LISTED ENTRIES →
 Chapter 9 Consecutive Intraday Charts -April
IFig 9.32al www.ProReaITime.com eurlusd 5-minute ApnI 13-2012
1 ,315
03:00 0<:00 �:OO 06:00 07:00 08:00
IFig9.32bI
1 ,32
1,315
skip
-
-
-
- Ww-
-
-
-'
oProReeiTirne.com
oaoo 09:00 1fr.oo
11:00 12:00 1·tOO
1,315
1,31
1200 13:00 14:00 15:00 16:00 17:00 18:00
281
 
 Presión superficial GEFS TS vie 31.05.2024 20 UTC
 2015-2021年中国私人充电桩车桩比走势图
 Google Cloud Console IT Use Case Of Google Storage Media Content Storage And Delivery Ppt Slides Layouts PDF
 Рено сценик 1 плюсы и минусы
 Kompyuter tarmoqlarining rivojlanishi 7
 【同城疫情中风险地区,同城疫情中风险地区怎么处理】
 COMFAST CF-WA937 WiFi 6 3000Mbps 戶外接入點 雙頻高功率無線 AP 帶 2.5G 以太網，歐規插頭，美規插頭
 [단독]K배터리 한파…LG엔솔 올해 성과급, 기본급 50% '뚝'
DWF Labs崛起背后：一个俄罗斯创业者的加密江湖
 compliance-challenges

...

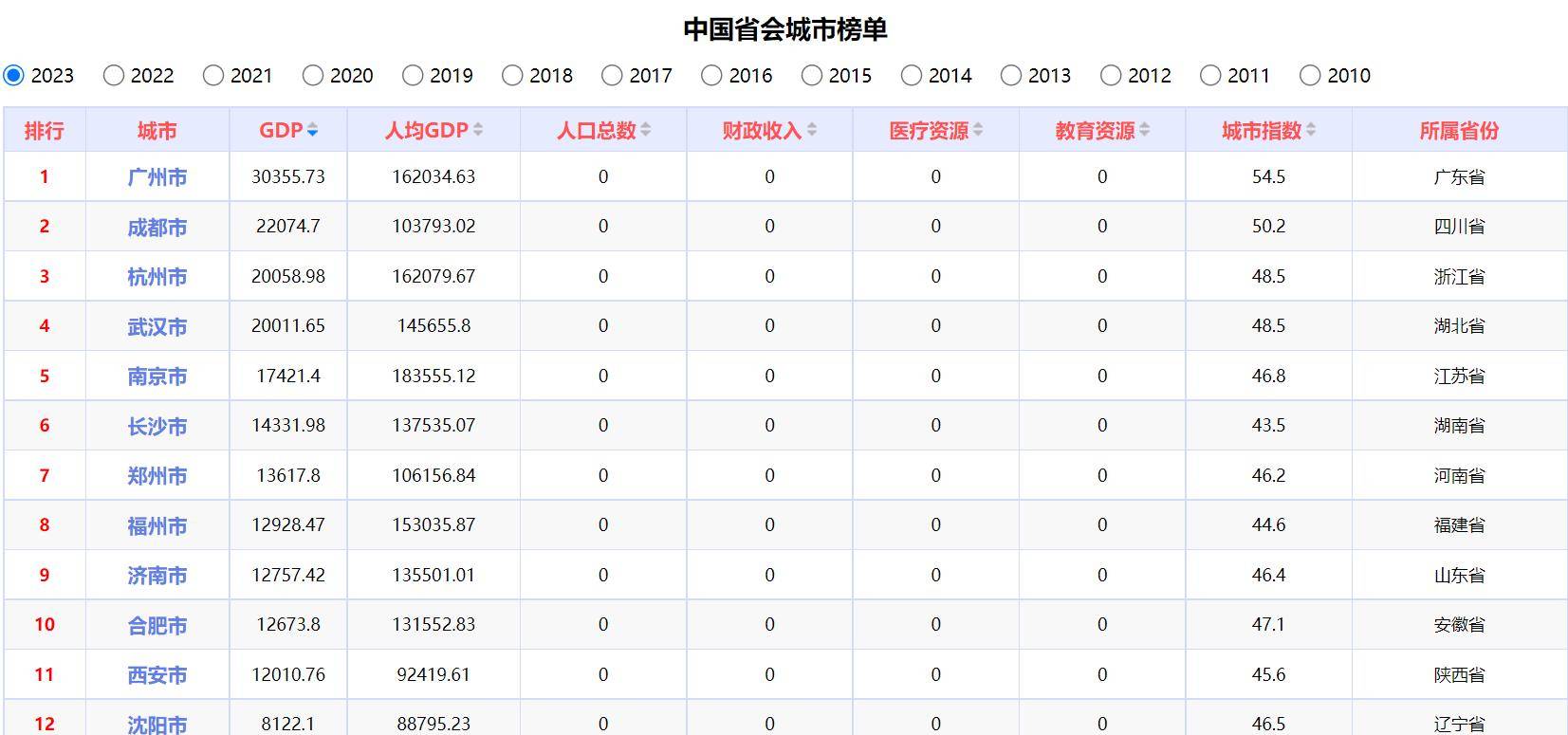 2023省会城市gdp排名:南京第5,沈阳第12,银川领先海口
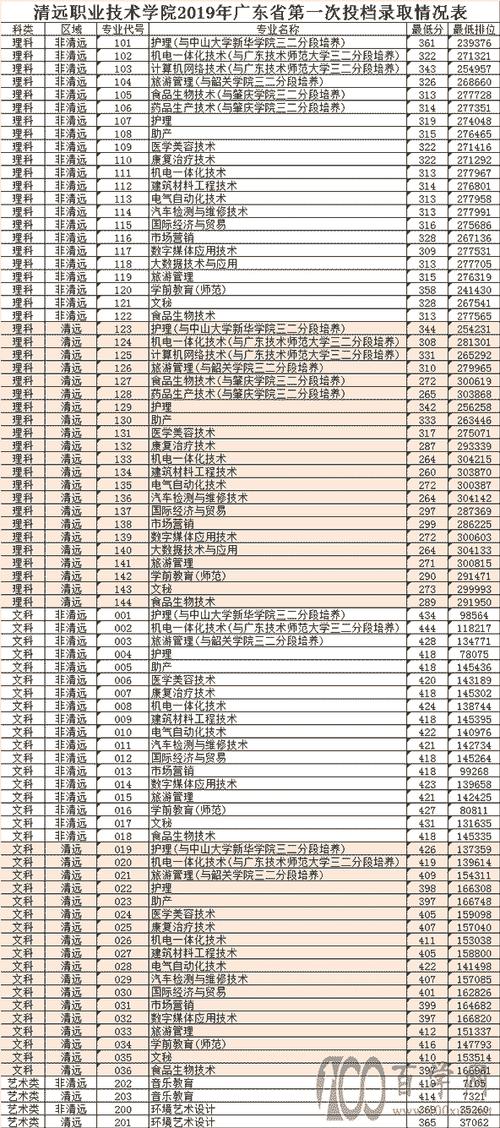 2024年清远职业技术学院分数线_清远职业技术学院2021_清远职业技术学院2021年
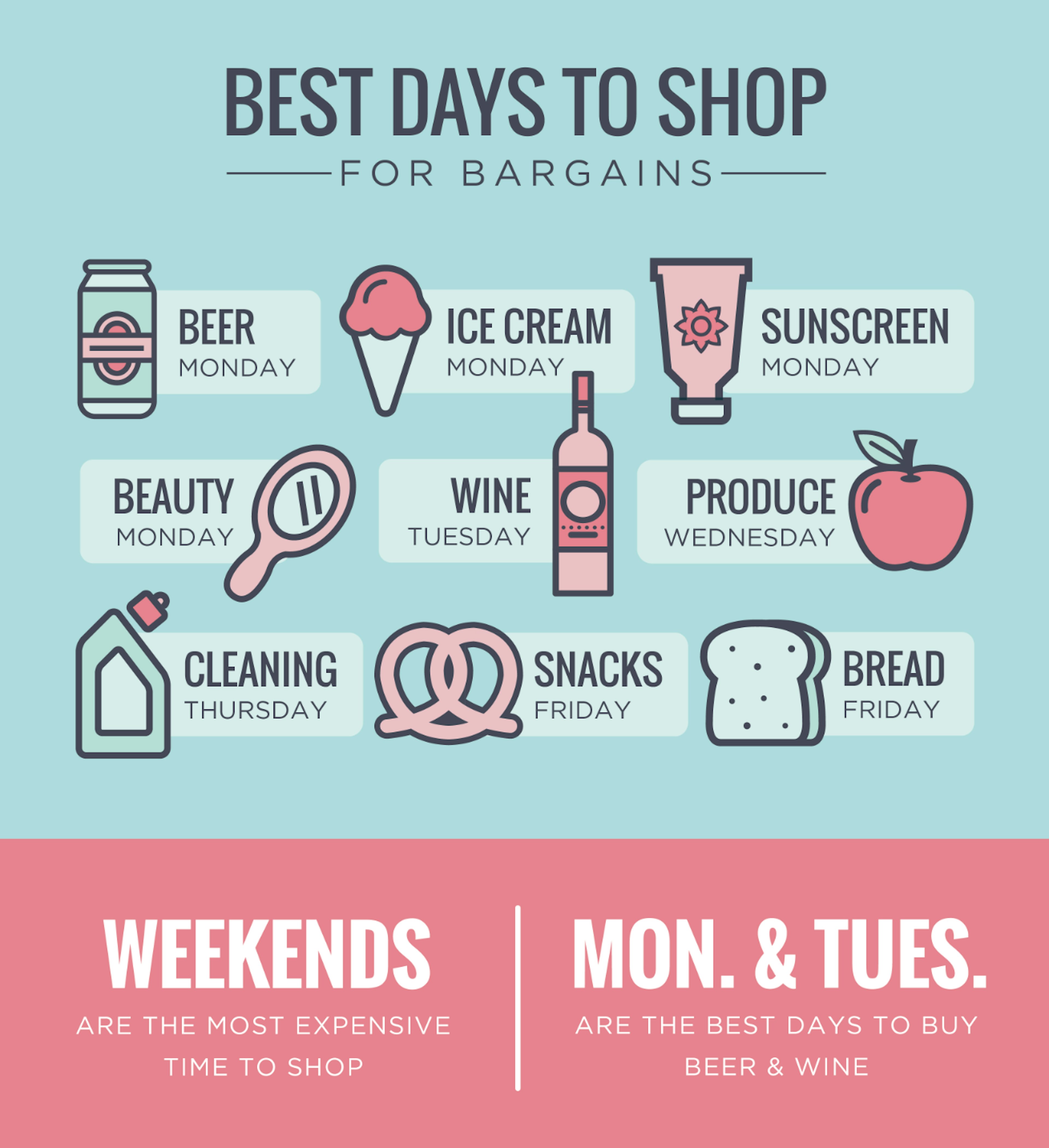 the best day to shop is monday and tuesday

---

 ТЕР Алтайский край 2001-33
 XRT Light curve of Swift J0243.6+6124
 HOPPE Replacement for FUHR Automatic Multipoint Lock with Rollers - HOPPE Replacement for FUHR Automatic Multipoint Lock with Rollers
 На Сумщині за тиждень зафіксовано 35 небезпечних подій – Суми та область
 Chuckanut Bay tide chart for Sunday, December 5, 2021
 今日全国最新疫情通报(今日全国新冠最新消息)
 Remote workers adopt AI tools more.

WHAT TO DO → Looking back over the data above, restate word for word the lines that begin at the line with "03:00 0<:00 �:OO 06:00 07:00 08:00" and end at the line with "2015-2021年中国私人充电桩车桩比走势图", inclusive.

SOLUTION →
03:00 0<:00 �:OO 06:00 07:00 08:00
IFig9.32bI
1 ,32
1,315
skip
-
-
-
- Ww-
-
-
-'
oProReeiTirne.com
oaoo 09:00 1fr.oo
11:00 12:00 1·tOO
1,315
1,31
1200 13:00 14:00 15:00 16:00 17:00 18:00
281
 
 Presión superficial GEFS TS vie 31.05.2024 20 UTC
 2015-2021年中国私人充电桩车桩比走势图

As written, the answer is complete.